For team leader Clay Burris, the Burris Group, Century 21 Scheetz Realty, Indianapolis, it’s also a chance to help sellers better prepare.

“By learning what inspectors look for, I am better able to set expectations for both the buyer and seller,” said Burris. “It’s a great opportunity to build rapport with my clients and better deal with the emotions involved if problems are found.”

It’s also a good opportunity to build relationships with inspectors.

“I go out of my way to build strong relationships with the best inspectors in my market,” said Logan Link, career agent with Golden Gate Sotheby’s International Realty. “Here in the Sam Francisco Bay area, we often have to work within short contingency timelines. Having strong relationships means inspectors will do what they can to work me and my clients into their always-busy schedules on short notice. That can be truly invaluable.”

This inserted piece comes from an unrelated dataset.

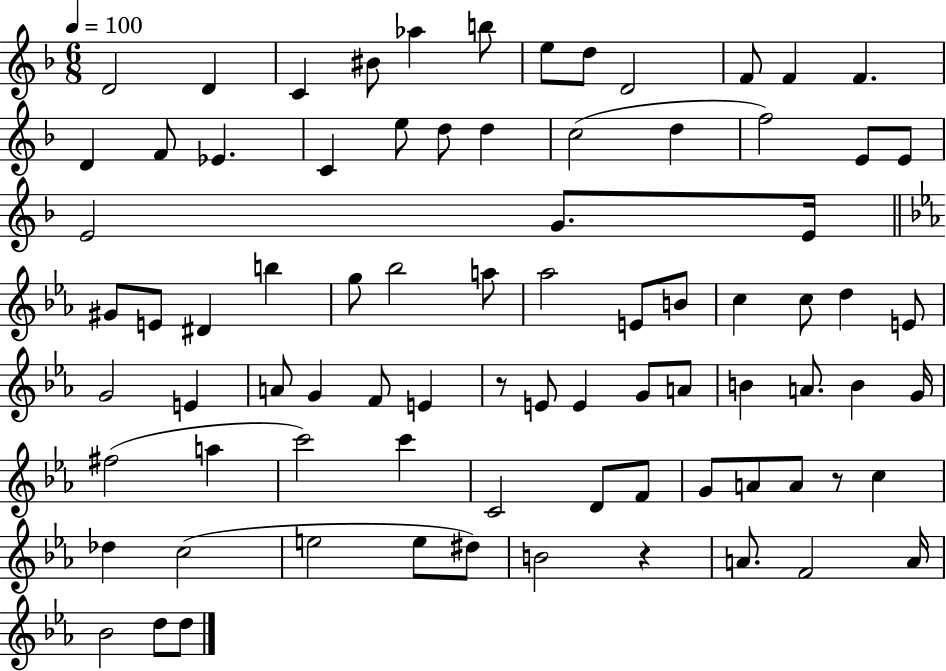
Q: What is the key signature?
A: F major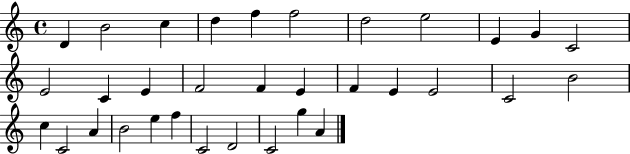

Having those good relationships make it easier to help both buyer and sellers, points out top producer Barbara Pugh, a team leader with Coldwell Banker Seacoast Advantage Realty, Wilmington, N. Carolina.

“I learn something new at every inspection I attend,” she said. “Being there helps me understand exactly what the issues are. In most cases, the home inspector is helpful in fully explaining things, so I can speak knowledgeably to the seller’s agent if there are areas where repairs need to be made - which, in the end, is good for the buyer.”

The inspection process is rarely smooth or easy, noted Steen. “But it serves a goal. It helps all parties become aware of unforeseen issues with the home - and gives them time and logical steps to help get them resolved to everyone’s satisfaction before closing.”